* [Work required]: Taking the line that contains "TIFFANY & CO RED HEART PAPERWEIGHT" as the start and the last line of the data as the end, repeat exactly every line in that span, but no pictures.

==========

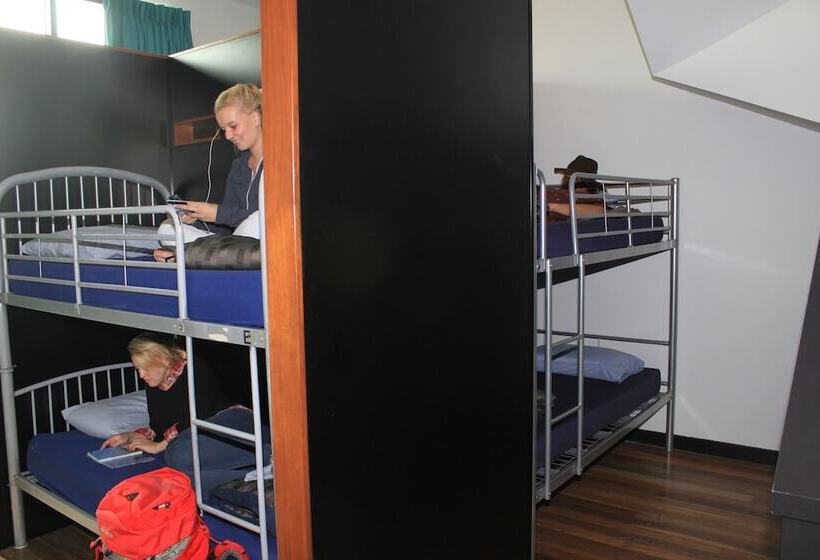 Кровать в Общей Комнате, Bunk Brisbane
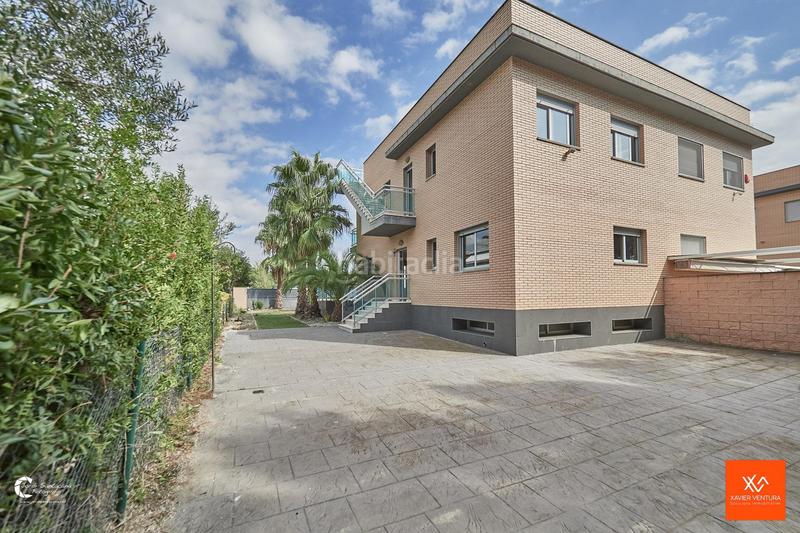 Foto 8e6d5d43-2820-467e-a599-62e134789537. Casa adossada amb aparcament a La Mora Tarragona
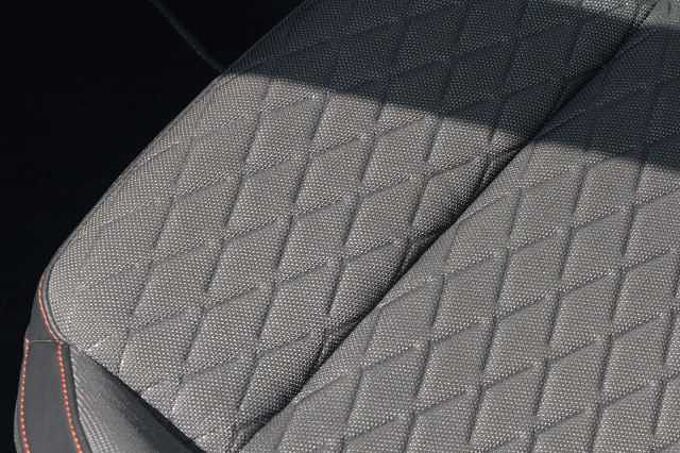 SEAT Leon 1.4 e-HYBRID (204ps) FR DSG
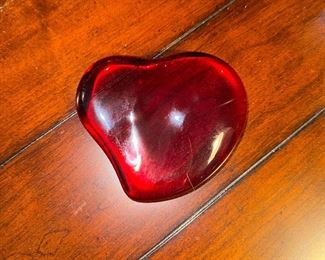 TIFFANY & CO RED HEART PAPERWEIGHT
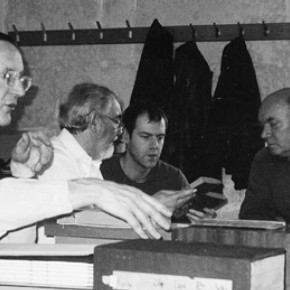 Figure 1. David Helliwell discussing Chinese bindings and enclosures, Bodleian Library.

==========

* [The answer]:
 TIFFANY & CO RED HEART PAPERWEIGHT
 Figure 1. David Helliwell discussing Chinese bindings and enclosures, Bodleian Library.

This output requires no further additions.